Some people think that we can throw away all the commands in the Bible except one: love. Of course Jesus, Paul, and Augustine all said that love is a good summary of the commandments, but this didn’t stop Jesus from listing the Ten Commandments (Matt 19:18-19 = Mark 10:19 = Luke 18:20) or stop Paul from giving his congregations lots of specific teaching.

In the modern world, Joseph Fletcher’s Situation Ethics argues this position well.1 He says that in every situation whatever results in the greatest love (which he equates roughly with justice and benefit to people) is what we should do. There are no set rules or commands that we can glean from the Bible because every situation is different, and specific rules will always be changeable. This sounds great until you get to specific, complex moral issues, or a situation where following the normal rule would have unintended bad consequences for other people. And it tends to result in a moral code that “feels right” to the individual because, after all, what seems more loving than free love?
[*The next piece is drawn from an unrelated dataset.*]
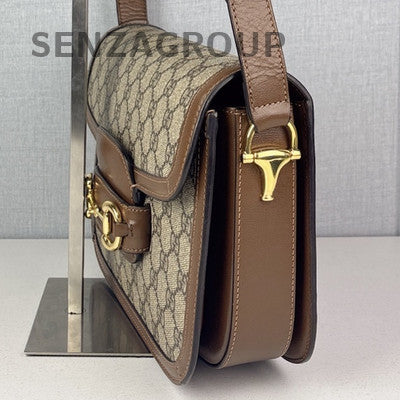 Gucci Horsebit 1955 GG Monogram Shoulder Bag Brown Gold Hardware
Trying to identify timeless categories

For those of us who regard God’s revelation in the Bible as important, we need to find some way to distinguish commands that were made for a certain time or culture from those that are timeless – the ones that apply in every culture. We don’t want to pick and choose the commands we’d like to obey; we want to know which ones we should obey and which ones don’t apply to us now. So we need a rule by which we can decide which commands are timeless.

One common method is to divide Bible commands into different categories, such as
1. Social rules for behavior, which warrant shame if broken
2. Religious observances, which warrant a sin offering (and perhaps punishment)
3. Criminal laws, which warrant punishment by the state

We wouldn’t expect the social rules to be timeless because they depend on the norms of society. And we know that religious observances aren’t timeless because the Old Testament rites were fulfilled by Jesus. However, we do expect criminal laws to be timeless because things such as murder are always wrong in any society.

So far, this looks like a good, objective method for identifying timeless commands. But this neat solution breaks down as soon as we attempt to put particular commands into those categories. Here are some examples that we’ll be looking at later, from both the Old and New Testaments:
1. Social rules: honoring parents, deference to older people, women’s head covering
2. Religious observances: Sabbath rest, sacrifices, no idolatry, Jews marry only Jews
3. Criminal laws: polygamy, adultery, rape, manslaughter, charging interest, slavery

We can immediately see some problems. We would expect the social rules to vary in different societies, but even this short list includes two that we’d expect to find in absolutely all societies: honoring parents and deference to older people. We would also expect religious observances to vary in different cultures, but these include commands that we’d expect everywhere, such as prohibiting idolatry. And we would expect criminal laws in the Bible to be timeless so that they would apply in every culture, but the Bible includes laws that regulate things we wouldn’t want to promote in any culture, such as polygamy and slavery.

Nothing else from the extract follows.